Übers Fernsehen wird ja gerne geschimpft, es sei niveaulos und brutal.

Aber im Gespräch kommt dann raus, dass das doch ganz gerne gesehen wird. Mal ehrlich, jeder hat doch so seine Lieblingsserien oder -reihen.

 

Natürlich konnte ich mich dem lange auch nicht entziehen. Es fing schon in der Kindheit an mit Bonanza, Catweazle und dem Raumschiff Enterprize. Später waren es eher Krimis, die mich in den Bann zogen.

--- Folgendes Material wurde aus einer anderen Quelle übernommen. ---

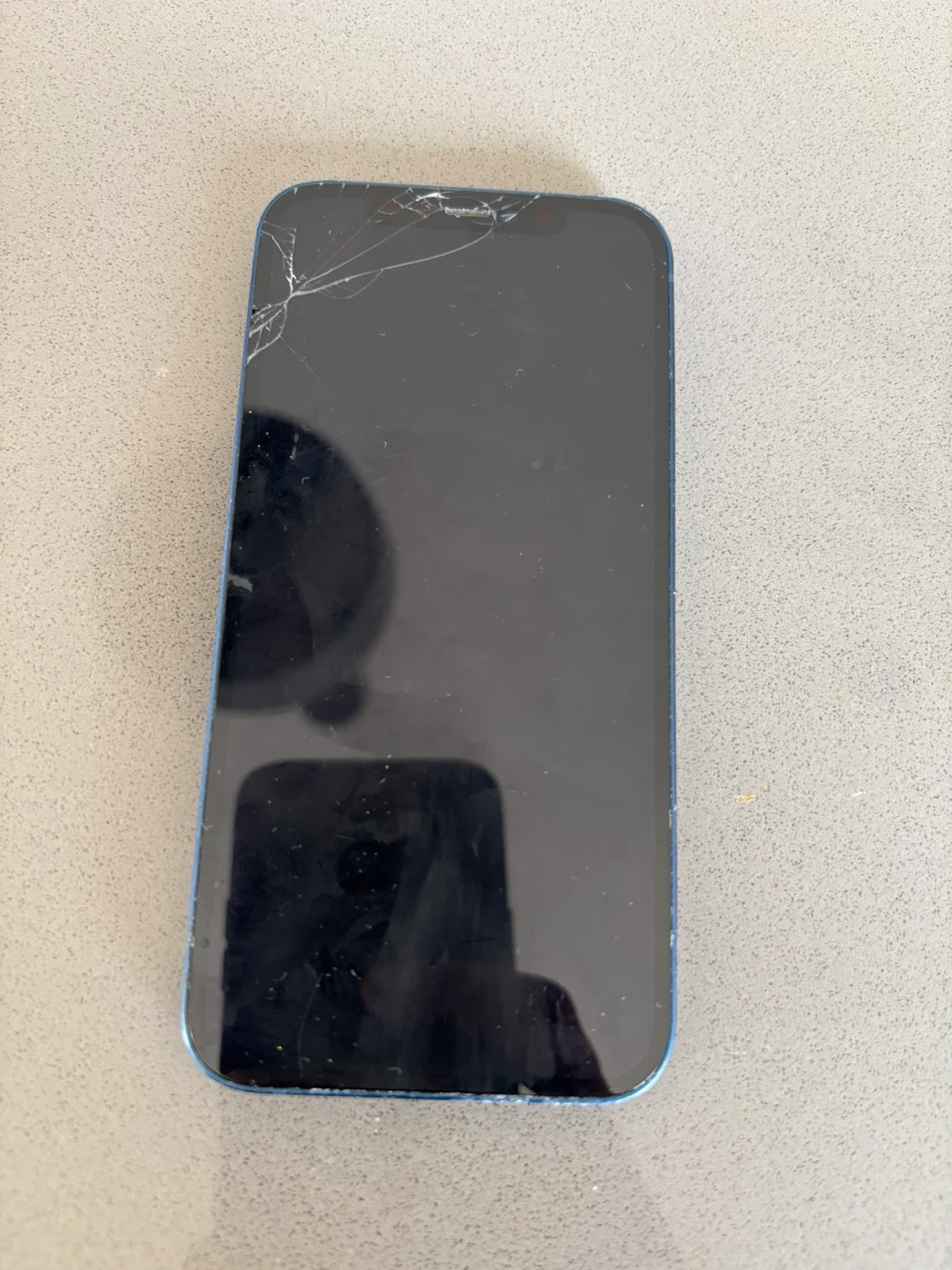 Blue iPhone 12 - Cracked Screen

Und nicht wenig Schund zog ich mir so nebenbei rein, als ich für Klausuren nicht im stillen Kämmerlein, sondern im lauten Wohnzimmer lernte, weil ich meiner Mutter Gesellschaft leistete, die sich für manche Serie begeisterte. Da kreischten sich drei ältere amerikanischen Damen durch die Bildschirme, nervten sich Familien gegenseitig oder lebten sogar ihre Abneigung auf witzige Art und Weise aus. Je sarkastischer, desto besser.

 

Nach dem Tod meiner Mutter wandelten sich die Bilder in dem Kasten, aber ich verbrachte immer noch viel zu viel Zeit davor. Dokus erweckten nun verstärkt mein Interesse, vor allem über andere Lebensweisen und Religionen.

 

Dieses Interessensgebiet besteht heute noch, die Zeiten, in denen ich fernsehe, haben sich jedoch radikal reduziert.

Das richtige Leben ist einfach viel spannender.

 

Wenn ich so durch die Kanäle zappe, um den Wunschkanal zu finden - ich kann mir die Nummer nach der x-ten Umstellung immer noch nicht merken *zugeb* - dann betrachte ich inzwischen den gebotenen Fernsehalltag durch den konsequenten Ausstieg aus dem üblichen Fernsehkonsum staunend wie ein Alien.

Und das kann ich jedem empfehlen das auch auszuprobieren.

 

Erst wenn man sich dem Ganzen entzieht und zwar über eine lange Zeit, dann erkennt man die Manipulation hinter dem Gebotenen.

Und wenn man zusätzlich ganz andere Informationsquellen nutzt aus dem Internet, dann fällt einem umso mehr auf mit wie vielen Fehlinformationen die Massen gefüttert werden. Oder wie lange Dinge ignoriert werden, die eigentlich schon längst bekannt sind. Der Finanzcrash z.B. war schon Monate vorher im Internet angekündigt, da wurde in den Medien immer noch die Info verbreitet die Rente sei sicher, Lebensversicherungen und das Riestern seien eine hervorragende Möglichkeit fürs Alter vorzusorgen und so weiter und so fort. Das nenne ich ganze Menschenmassen bewusst ins offene Messer rennen lassen.

 

Und mehr noch, dieses lange Nichtwissen wurde auch noch krass ausgenutzt.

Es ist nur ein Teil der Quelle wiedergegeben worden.